**Activity:**
Using the records below, write out again exactly the lines that begin at the line containing "Gold bracelet with zircons" and end at the line containing "Domuz S&uuml;r&uuml;s&uuml;ne &Ccedil;arpan", and no other lines.

**Data supplied:**

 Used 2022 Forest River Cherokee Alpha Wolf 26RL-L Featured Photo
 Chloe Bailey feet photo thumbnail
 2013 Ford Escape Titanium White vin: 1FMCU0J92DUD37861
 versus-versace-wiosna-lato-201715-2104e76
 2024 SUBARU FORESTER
...
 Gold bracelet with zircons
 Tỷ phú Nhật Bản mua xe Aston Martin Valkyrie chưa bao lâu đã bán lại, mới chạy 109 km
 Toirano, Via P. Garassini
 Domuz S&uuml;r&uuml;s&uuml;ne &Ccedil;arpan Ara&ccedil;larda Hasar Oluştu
==
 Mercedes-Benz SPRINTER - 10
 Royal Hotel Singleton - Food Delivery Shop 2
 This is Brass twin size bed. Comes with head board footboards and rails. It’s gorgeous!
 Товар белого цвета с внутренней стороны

**Answer area:**
 Gold bracelet with zircons
 Tỷ phú Nhật Bản mua xe Aston Martin Valkyrie chưa bao lâu đã bán lại, mới chạy 109 km
 Toirano, Via P. Garassini
 Domuz S&uuml;r&uuml;s&uuml;ne &Ccedil;arpan Ara&ccedil;larda Hasar Oluştu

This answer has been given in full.